[Data records]
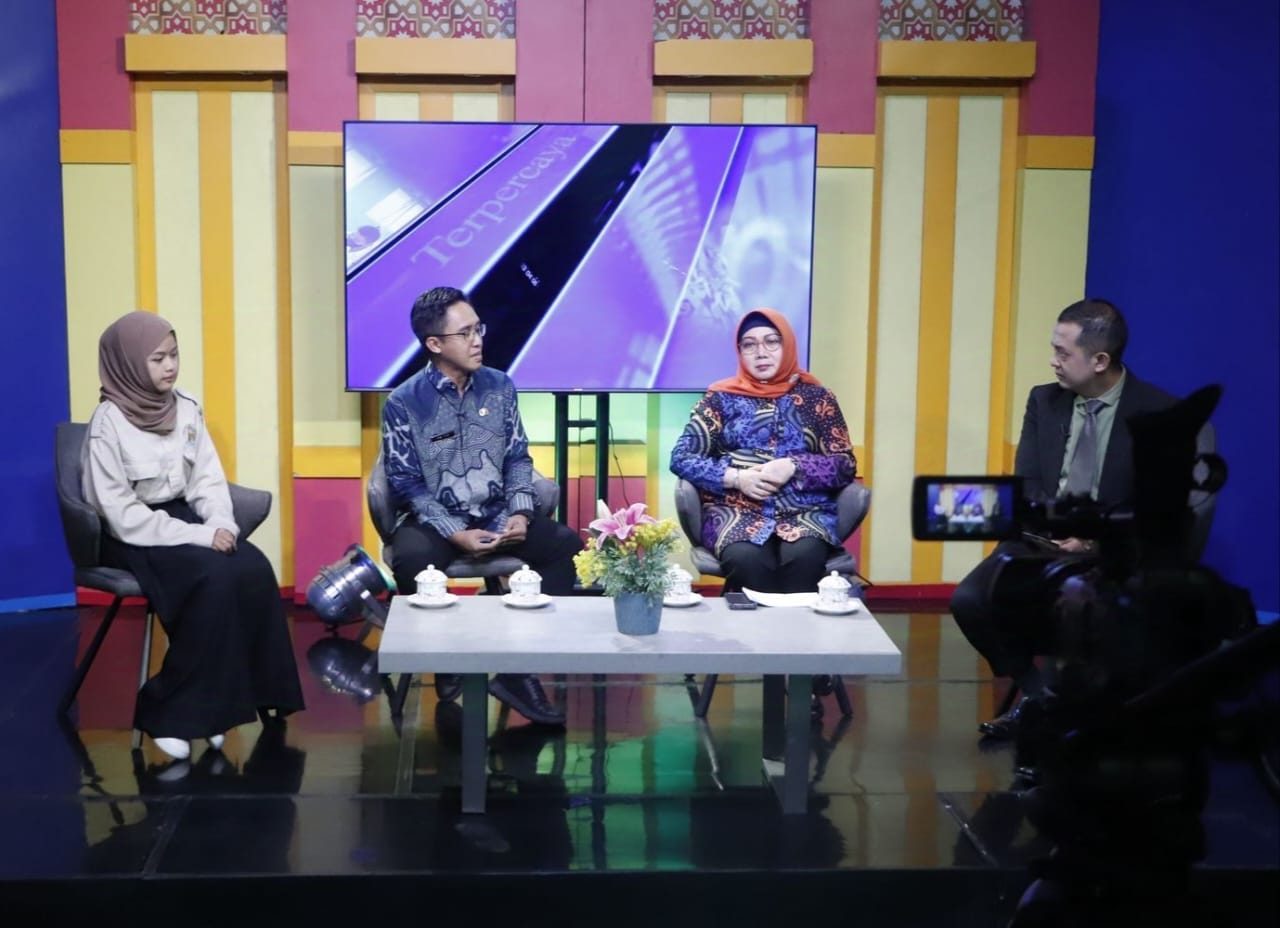 Dialog Publika bertema “Eksploitasi Seksual Anak di Ruang Digital" di studio TVRI Kaltim.
(Foto : Istimewa)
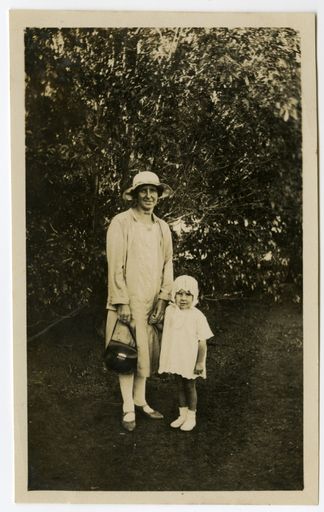 Andrews Collection: Mrs Oliver and Edith in The Square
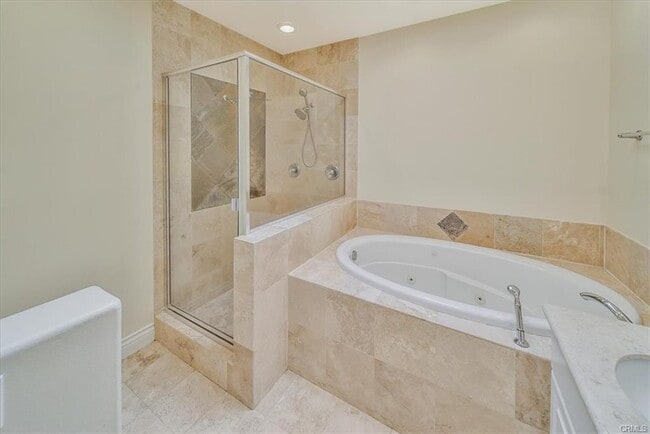 property at 2109 Vanderbilt Ln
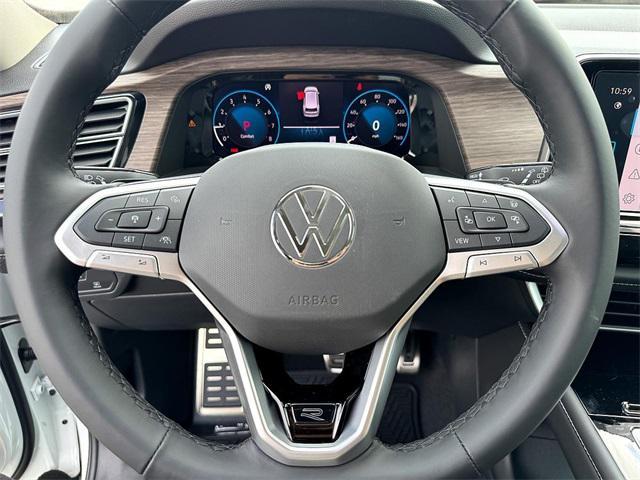 new 2025 Volkswagen Atlas car, priced at $54,984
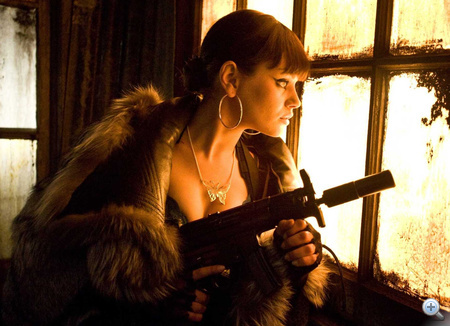 Mila Kunis
                        Főszereplésével minden bizonnyal a humor is fontos része lenne Lara Croft karakterének, nem csupán a mérhetetlen vonzereje. A fekete hattyúban sötét volt és erotikus, de szerepelt az Eli könyvében és a Lekoppintvában is. Jó választásnak tűnik.
                        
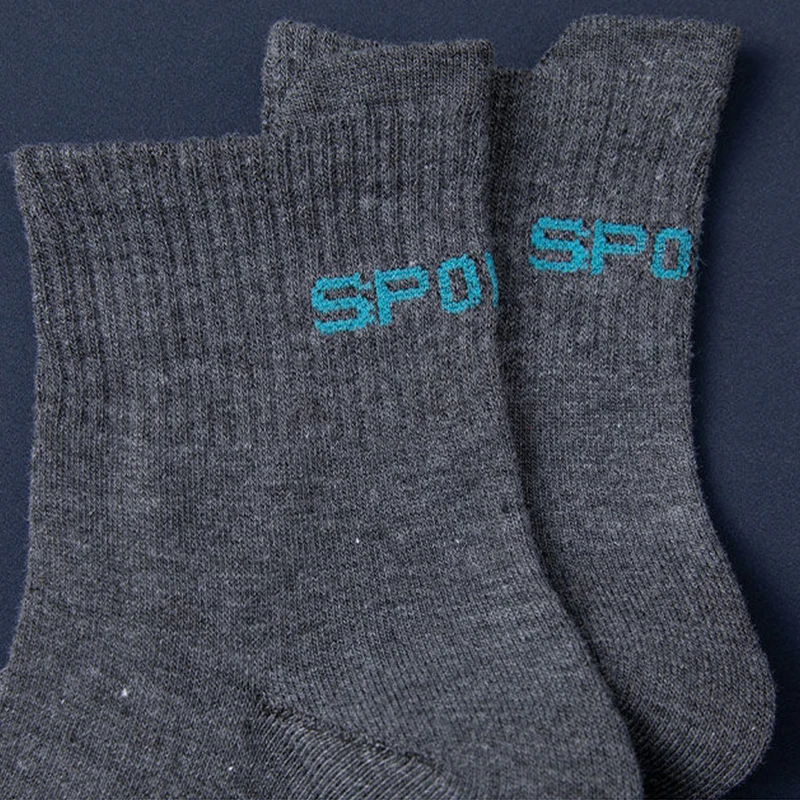 5 Paar/Los hochwertige Herren socken atmungsaktive Baumwolle Sport lässig bequeme Mode Straße lustige Röhre neuen Stil kurze Socke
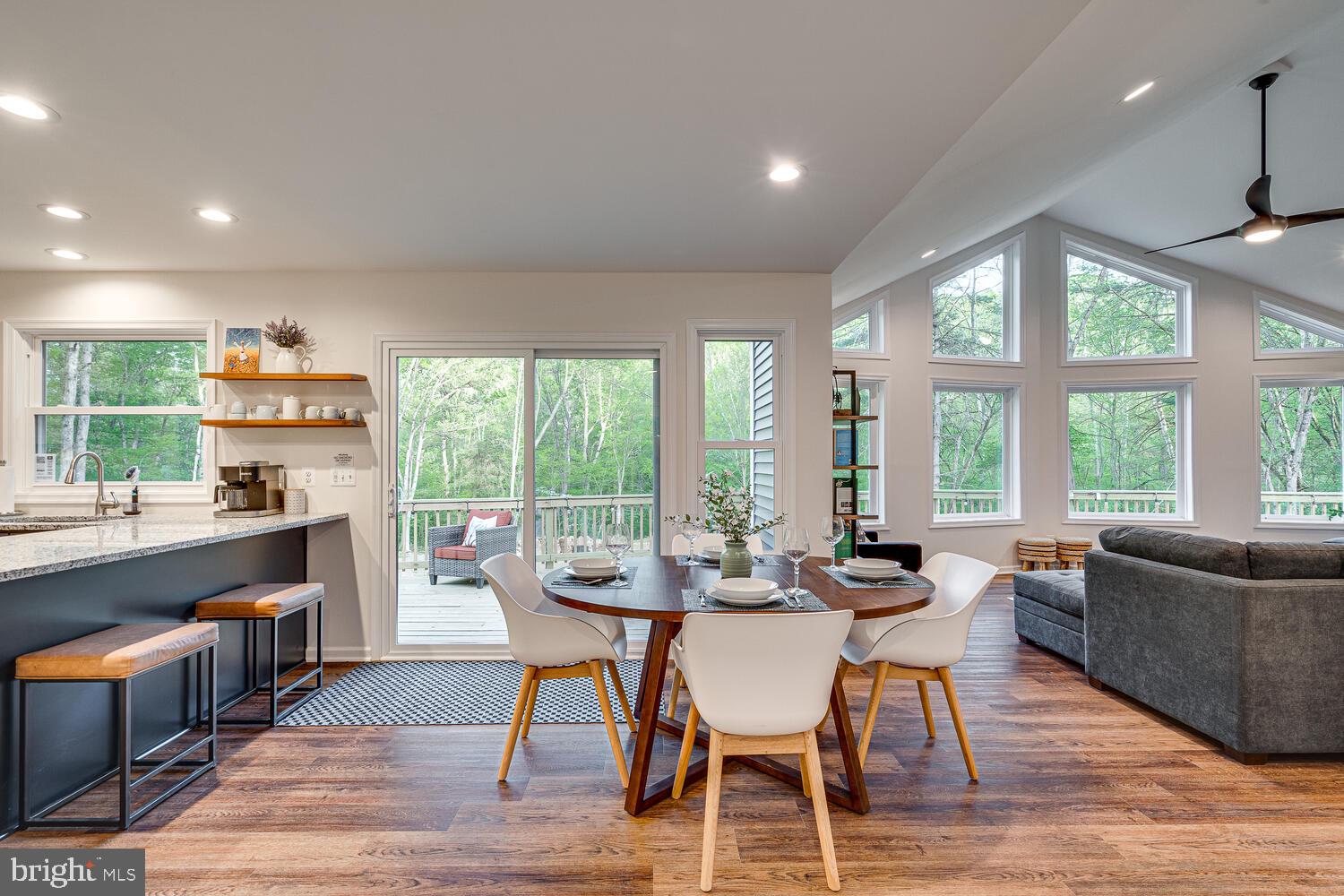 1850 GOONEY MANOR LOOP
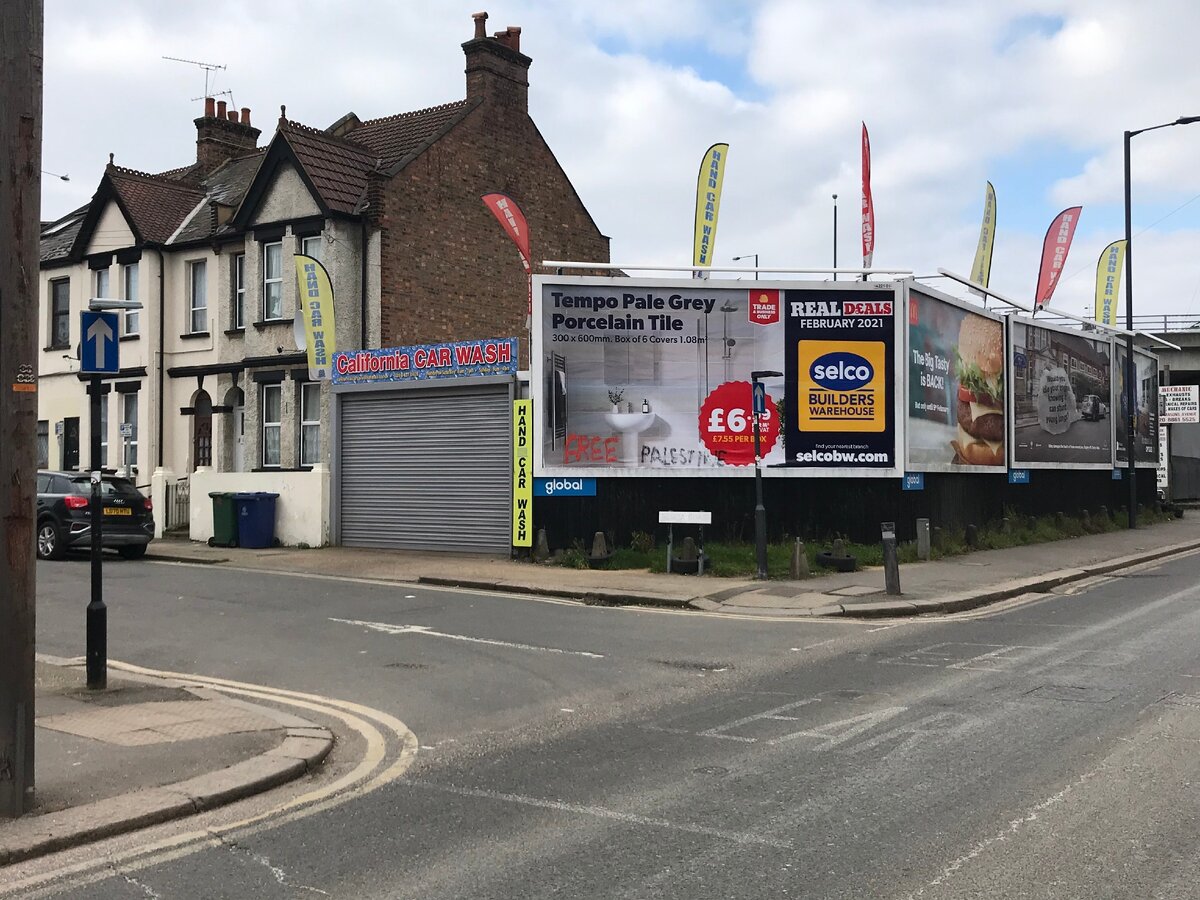 Free Palestine на стене в Harrow. Такое боязненные англичане не напишут на стене :)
[/Data records]
[Task directions]
An exact copy of every entry, without pictures, should be your output.

[Exercise result]
 Dialog Publika bertema “Eksploitasi Seksual Anak di Ruang Digital" di studio TVRI Kaltim.
(Foto : Istimewa)
 Andrews Collection: Mrs Oliver and Edith in The Square
 property at 2109 Vanderbilt Ln
 new 2025 Volkswagen Atlas car, priced at $54,984
 Mila Kunis
                        Főszereplésével minden bizonnyal a humor is fontos része lenne Lara Croft karakterének, nem csupán a mérhetetlen vonzereje. A fekete hattyúban sötét volt és erotikus, de szerepelt az Eli könyvében és a Lekoppintvában is. Jó választásnak tűnik.
                        
 5 Paar/Los hochwertige Herren socken atmungsaktive Baumwolle Sport lässig bequeme Mode Straße lustige Röhre neuen Stil kurze Socke
 1850 GOONEY MANOR LOOP
 Free Palestine на стене в Harrow. Такое боязненные англичане не напишут на стене :)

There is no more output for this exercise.